*PROBLEM TO WORK ON*:
Copy each line below exactly and leave the pictures out.
•••••
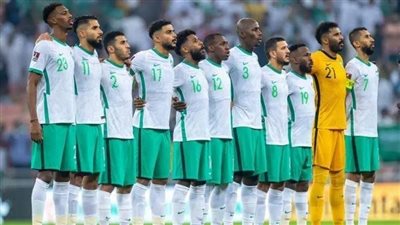 منتخب السعودية.. موعد مشاهدة مباراة الإكوادور والقناة الناقلة وترددها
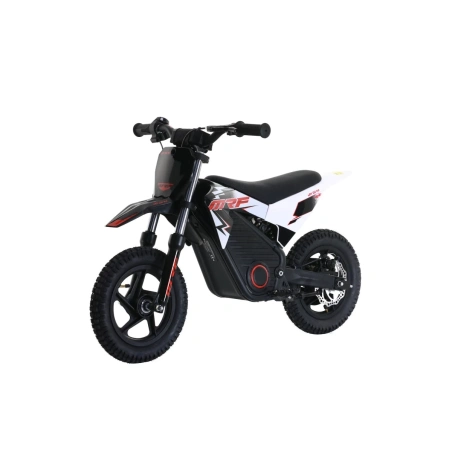 Pit bike MRF eJOY 250 MX - czarno-biały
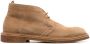 Officine Creative Hopkins suede boots Brown - Thumbnail 1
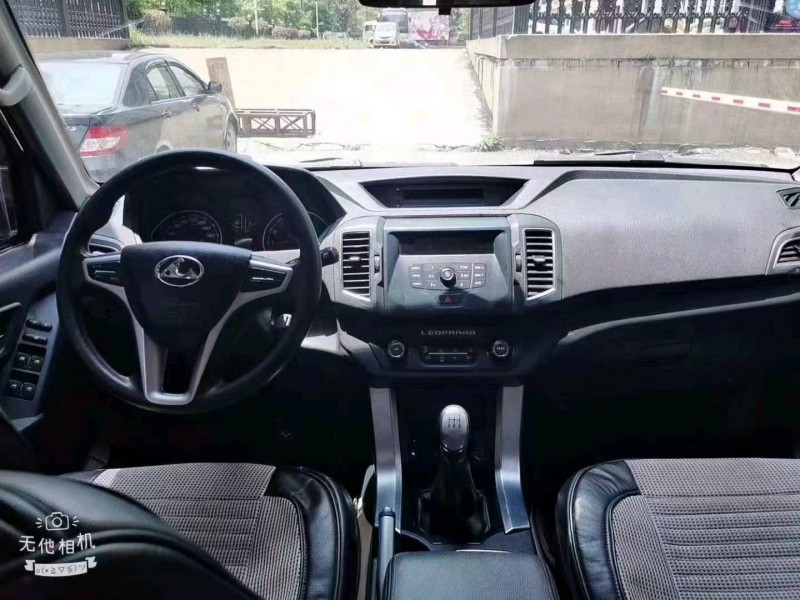邢臺16年獵豹汽車Q65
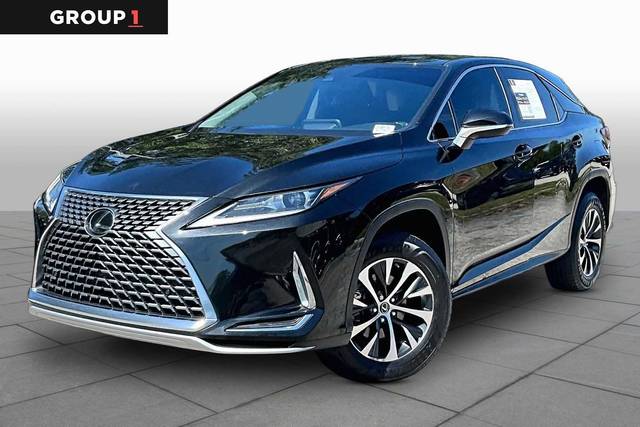 2020 Lexus RX RX 350 FWD photo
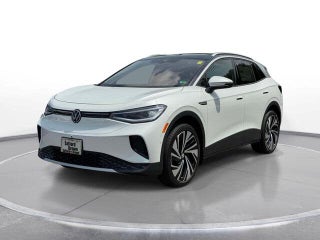2025 Volkswagen ID.4 Pro S Plus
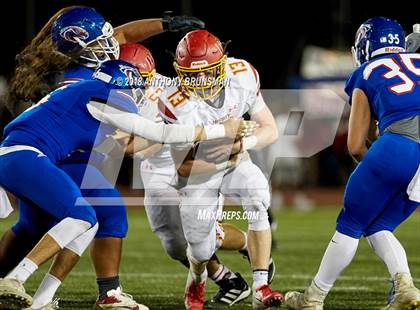 Thumbnail 2 in Jesuit vs. Christian Brothers photogallery.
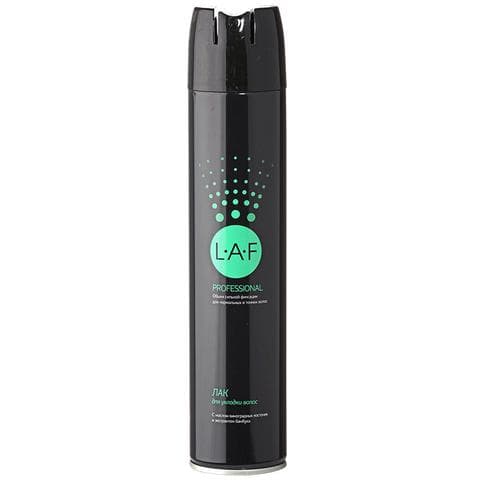Лак для волос L. A. F. 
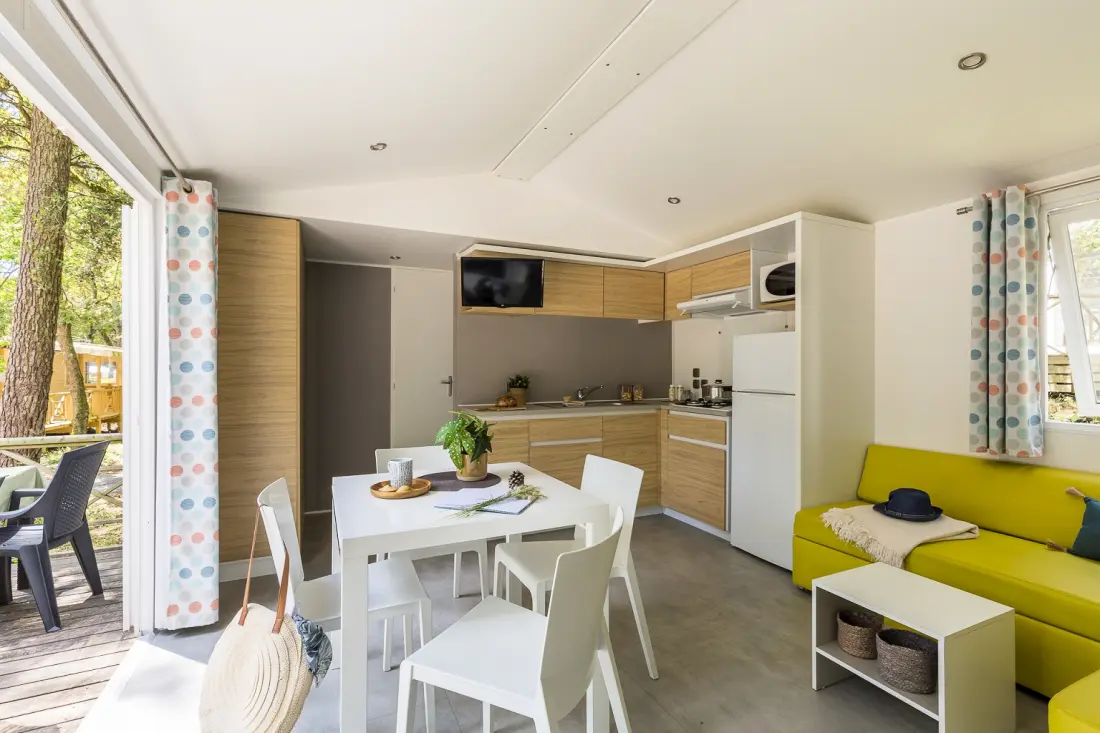 Camping Yukadi Village Le Logis 4 étoiles★★★★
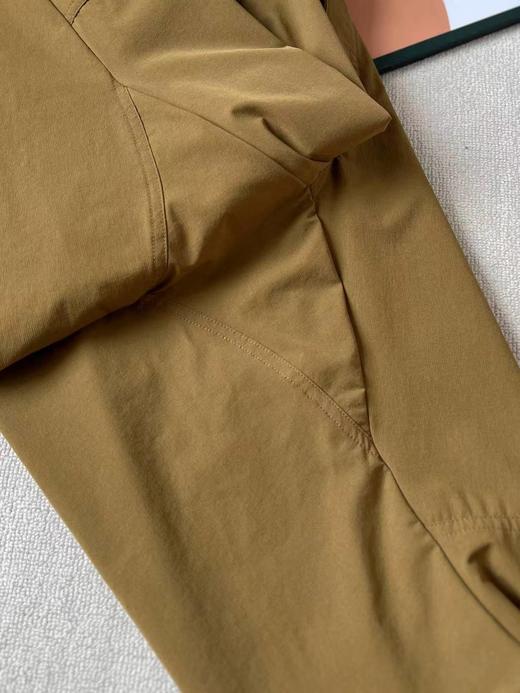 F0306100运动户外CORDURA耐磨防风散热透气软壳休闲裤 商品图13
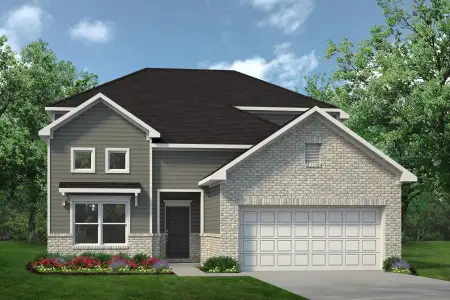 New construction Single-Family house 8914 Adana Dr, Montgomery, TX 77316 - image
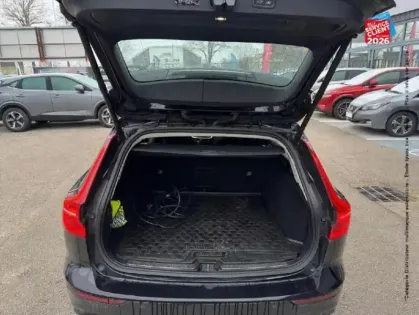 Photo 13 Volvo V60  T6 AWD 253+87ch R-Design Geartronic 8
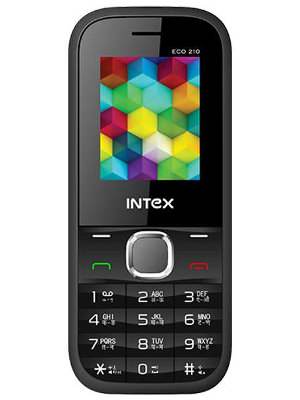 Used Intex Eco 210 Mobile Price in India, Second Hand Mobile Valuation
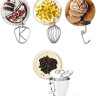 Кухонный комбайн Kenwood Titanium Chef Baker XL KVL65.001WH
•••••
*EXERCISE RESULT*:
 منتخب السعودية.. موعد مشاهدة مباراة الإكوادور والقناة الناقلة وترددها
 Pit bike MRF eJOY 250 MX - czarno-biały
 Officine Creative Hopkins suede boots Brown - Thumbnail 1
邢臺16年獵豹汽車Q65
 2020 Lexus RX RX 350 FWD photo
2025 Volkswagen ID.4 Pro S Plus
 Thumbnail 2 in Jesuit vs. Christian Brothers photogallery.
Лак для волос L. A. F. 
 Camping Yukadi Village Le Logis 4 étoiles★★★★
 F0306100运动户外CORDURA耐磨防风散热透气软壳休闲裤 商品图13
 New construction Single-Family house 8914 Adana Dr, Montgomery, TX 77316 - image
 Photo 13 Volvo V60  T6 AWD 253+87ch R-Design Geartronic 8
 Used Intex Eco 210 Mobile Price in India, Second Hand Mobile Valuation
 Кухонный комбайн Kenwood Titanium Chef Baker XL KVL65.001WH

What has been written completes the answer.